# Task input
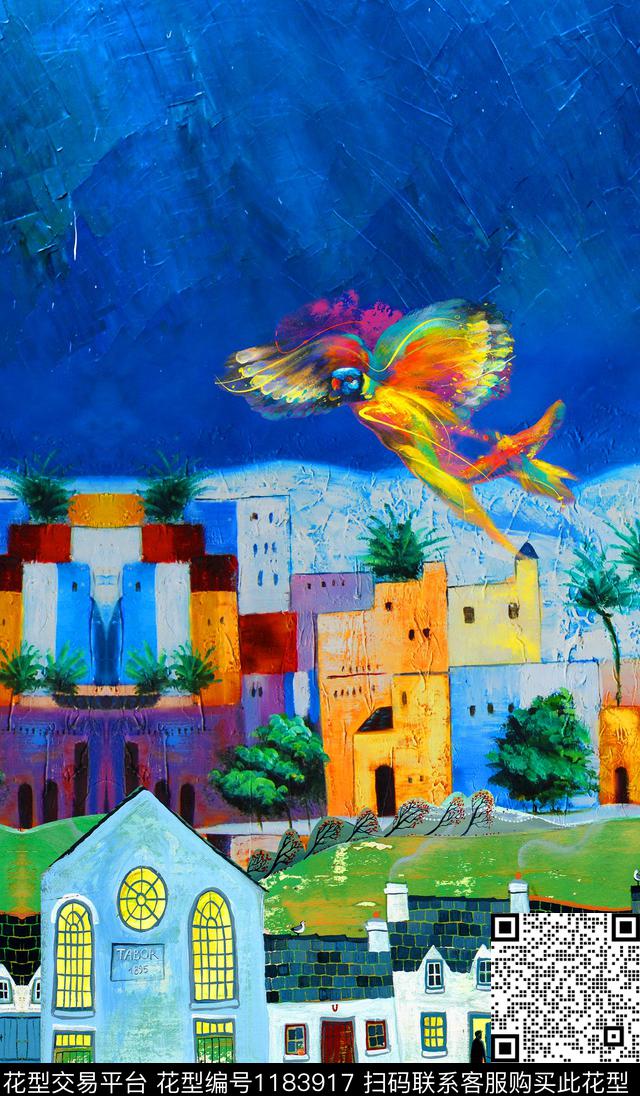 建筑风景景观油画华亿平台数码印花华亿平台下载（图片编号: 1183917） - 瓦栏（Walan）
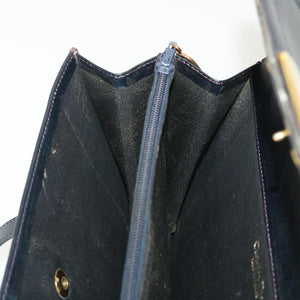 CHRISTIAN DIOR Shoulder Bag Leather Navy  rd4751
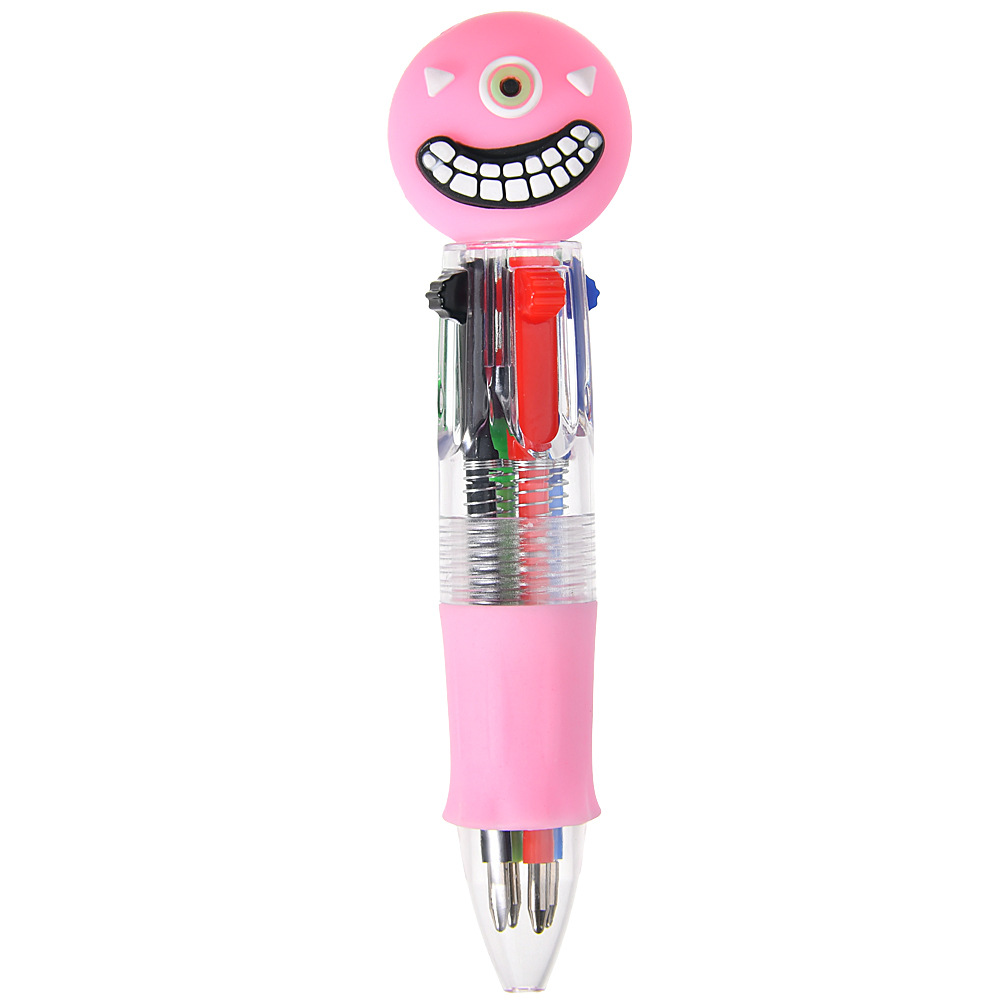 Serie de Halloween Bolígrafo de prensa de cuatro colores Mini bolígrafo lindo bolígrafo corto fácil de llevar Bolígrafo multicolor de la cuenta del estudiante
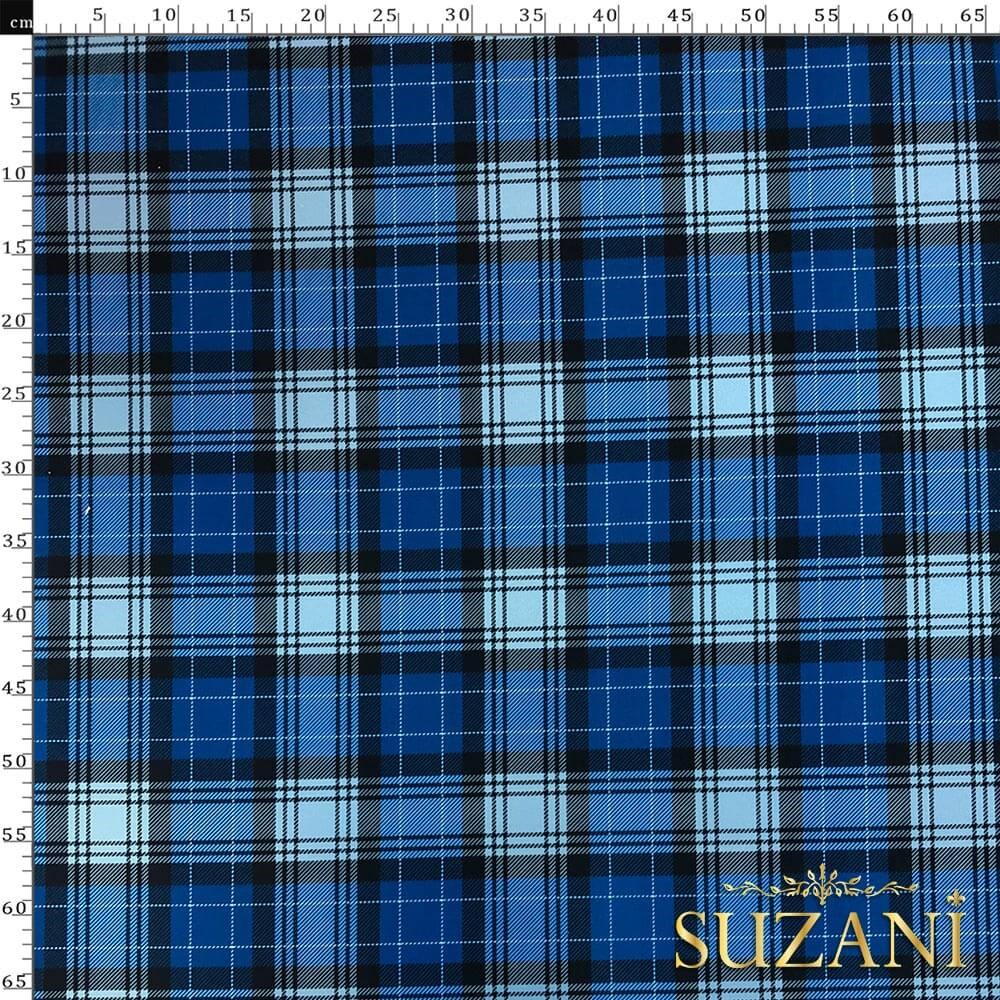 Mavi Ekose Desenli Dijital Baskılı Kumaş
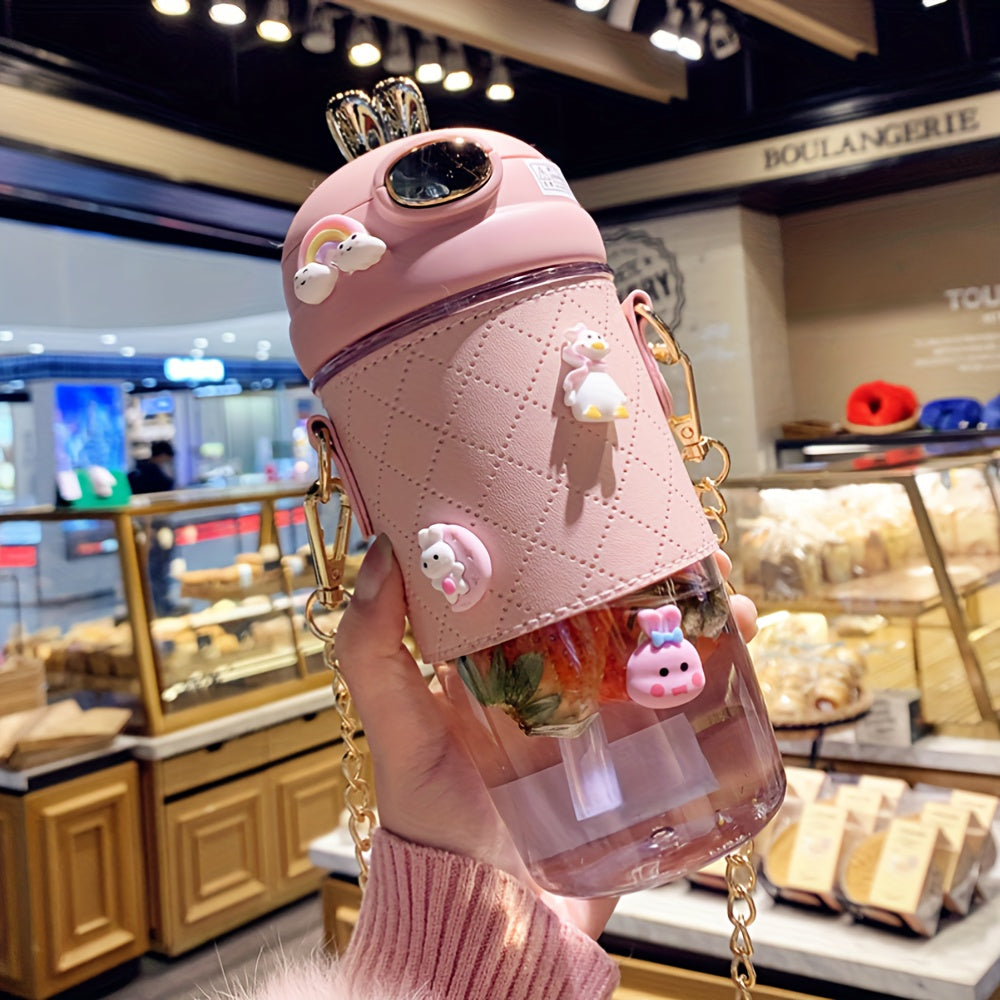 Girl Water Bottle with Straw Drop-Proof Plastic Portable High-Temperature Resistant Includes 4 3D Stickers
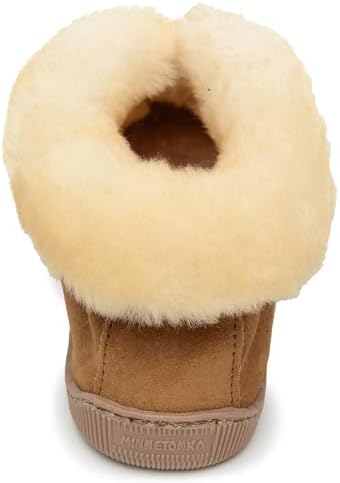 Amazon | Minnetonka メンズ シープスキン アンクルブーツ, タン, 7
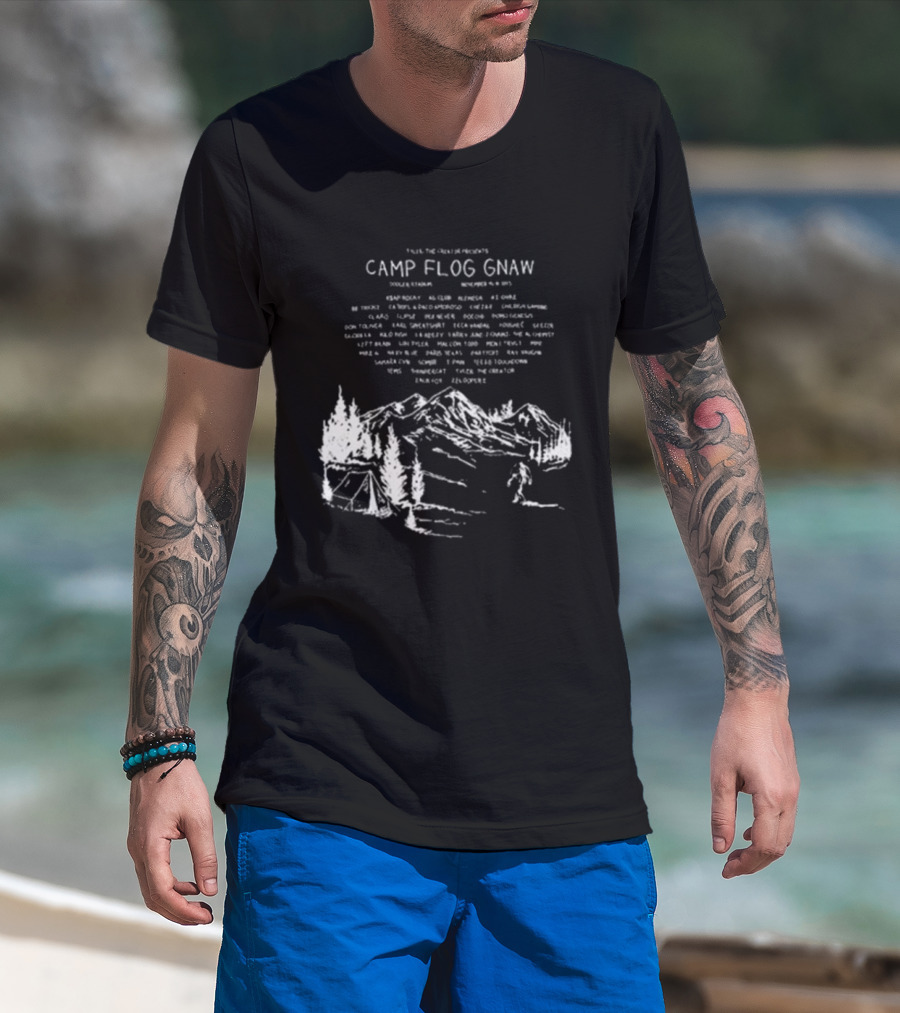 Camp Flog Gnaw 2025 Mountain Bigfoot Tyler The Creator Lineup Adventure T-Shirt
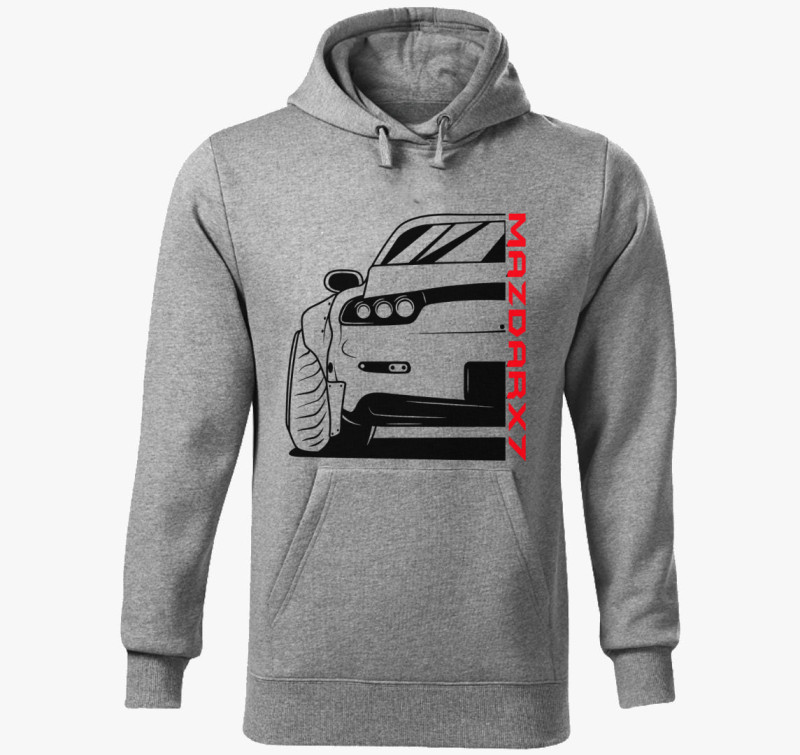 MazdaRx7 kapucnis pulóver — Sötétszürke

# Your assignment
Output the line that contains "Mavi Ekose Desenli Dijital Baskılı Kumaş" and every subsequent line through the end of the entries, exactly as given, without pictures.

# Answer space
 Mavi Ekose Desenli Dijital Baskılı Kumaş
 Girl Water Bottle with Straw Drop-Proof Plastic Portable High-Temperature Resistant Includes 4 3D Stickers
 Amazon | Minnetonka メンズ シープスキン アンクルブーツ, タン, 7
 Camp Flog Gnaw 2025 Mountain Bigfoot Tyler The Creator Lineup Adventure T-Shirt
 MazdaRx7 kapucnis pulóver — Sötétszürke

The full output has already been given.